The more assets you have, the greater the cost to your business. There are the hard costs of keeping redundant assets, i.e., cloud or server capacity. Accumulating multiple versions of the same visualization not only takes up space, but BI vendors are moving to capacity pricing. Companies now pay more if you have more dashboards, apps, and reports. Earlier, we spoke about dependencies. Keeping redundant assets increases the number of dependencies and therefore the complexity. This comes with a price tag.
The implications of asset failures differ, and the business’s repercussions can be minimal or drastic.
Different industries have distinct regulatory requirements to meet. The impact may be minimal if a report for an end-of-year close has a mislabeled column that the sales or marketing department uses, On the other hand, if a healthcare or financial report does not meet the needs of a HIPPA or SOX compliance report, the company and its C-level suite may face severe penalties and reputational damage. Another example is a report that is shared externally. During an update of the report specs, the low-level security was incorrectly applied, which caused people to have access to personal information.
The complexity of assets influences their likelihood of encountering issues.
The last thing a business wants is for a report or app to fail at a crucial moment. If you know the report is complex and has a lot of dependencies, then the probability of failure caused by IT changes is high. That means a change request should be taken into account. Dependency graphs become important. If it is a straightforward sales report that tells notes by salesperson by account, any changes made do not have the same impact on the report, even if it fails. BI operations should treat these reports differently during change.
Not all reports and dashboards fail the same; some reports may lag, definitions might change, or data accuracy and relevance could wane. Understanding these variations aids in better risk anticipation.

Marketing uses several reports for its campaigns – standard analytic assets often delivered through marketing tools. Finance has very complex reports converted from Excel to BI tools while incorporating different consolidation rules. The marketing reports have a different failure mode than the financial reports. They, therefore, need to be managed differently.

It’s time for the company’s monthly business review.
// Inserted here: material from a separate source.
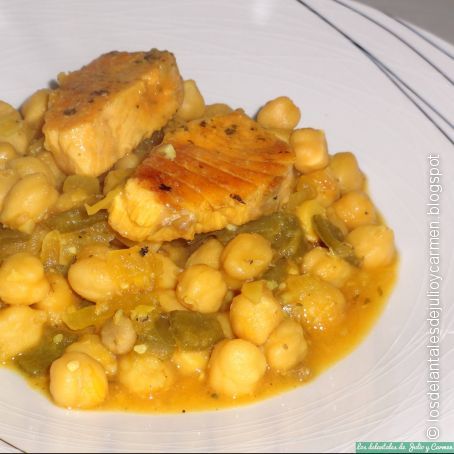 Garbanzos con salmón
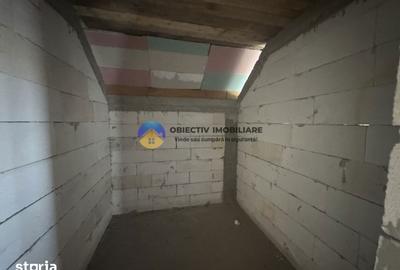 Casă cu 4 camere cu Teren 953 Mp în Girov - 2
The marketing department proceeds to report on leads acquired per salesperson. Unfortunately, half the team has left the organization, and the data fails to load accurately. While this is an inconvenience for the marketing group, it isn’t detrimental to the business. However, a failure in financial reporting for a human resource consulting firm with 1000s contractors that contains critical and complex calculations about sickness, fees, hours, etc, has major implications and needs to be managed differently.

Acknowledging that assets transition through distinct phases allows for effective management decisions at each stage. As new visualizations are released, the information leads to broad use and adoption.
Think back to the start of the pandemic. COVID dashboards were quickly put together and released to the business, showing pertinent information: how the virus spreads, demographics affected the business and risks, etc. At the time, it was relevant and served its purpose. As we moved past the pandemic, COVID-specific information became obsolete, and reporting is integrated into regular HR reporting.
Reports and dashboards are crafted to deliver valuable insights for stakeholders. Over time, though, the worth of assets changes.
When a company opens its first store in a certain area, there are many elements it needs to understand – other stores in the area, traffic patterns, pricing of products, what products to sell, etc. Once the store is operational for some time, specifics are not as important, and it can adopt the standard reporting. The tailor-made analytic assets become irrelevant and no longer add value to the store manager.